Task prompt: From the data below, repeat everything exactly except the images.

Data excerpt:
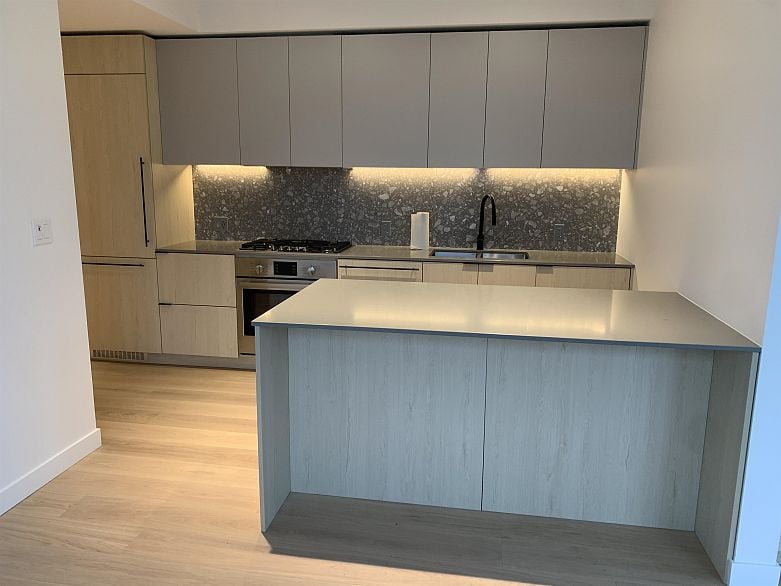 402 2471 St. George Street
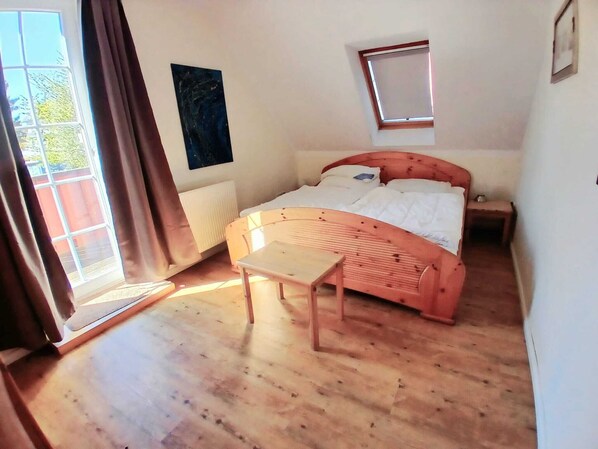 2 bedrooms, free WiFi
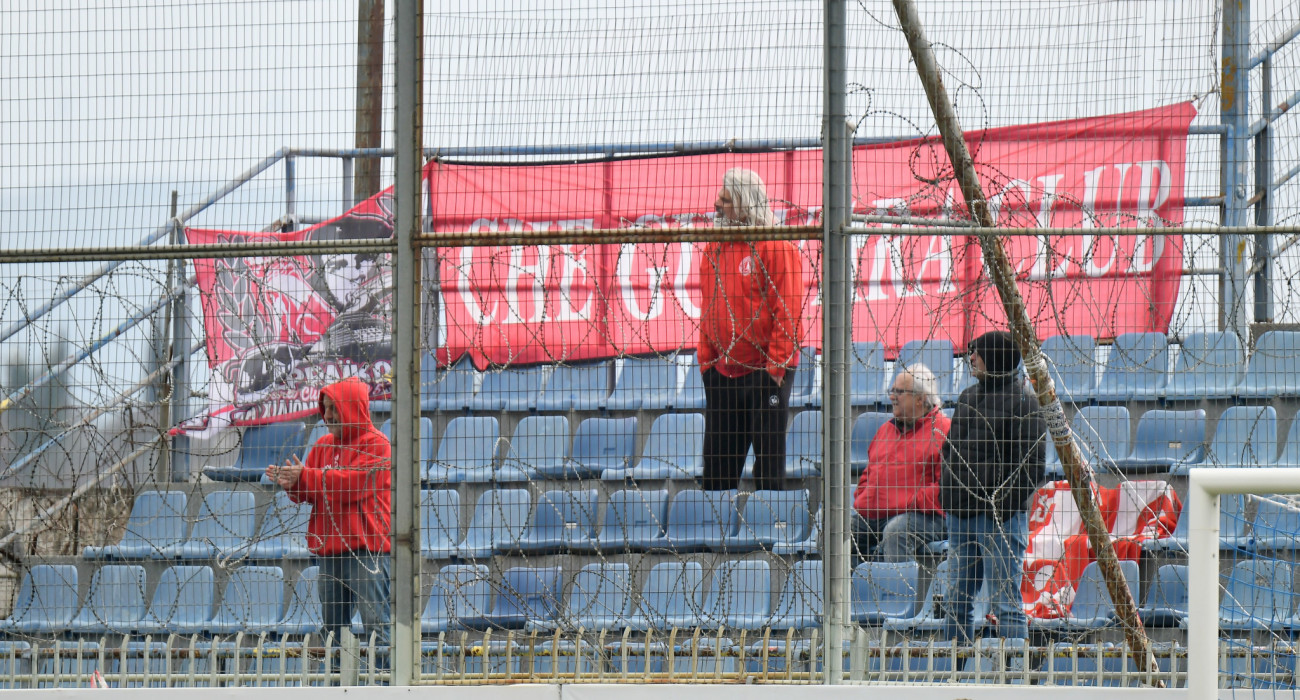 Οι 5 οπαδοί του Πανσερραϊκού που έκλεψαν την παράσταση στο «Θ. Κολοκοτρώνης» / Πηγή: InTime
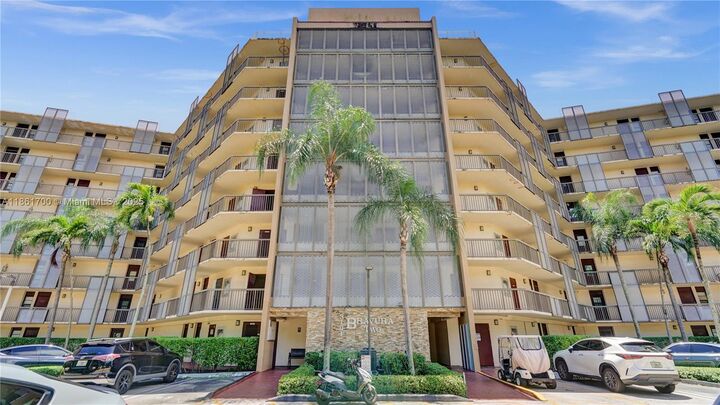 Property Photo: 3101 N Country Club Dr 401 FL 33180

Written answer:
 402 2471 St. George Street
 2 bedrooms, free WiFi
 Οι 5 οπαδοί του Πανσερραϊκού που έκλεψαν την παράσταση στο «Θ. Κολοκοτρώνης» / Πηγή: InTime
 Property Photo: 3101 N Country Club Dr 401 FL 33180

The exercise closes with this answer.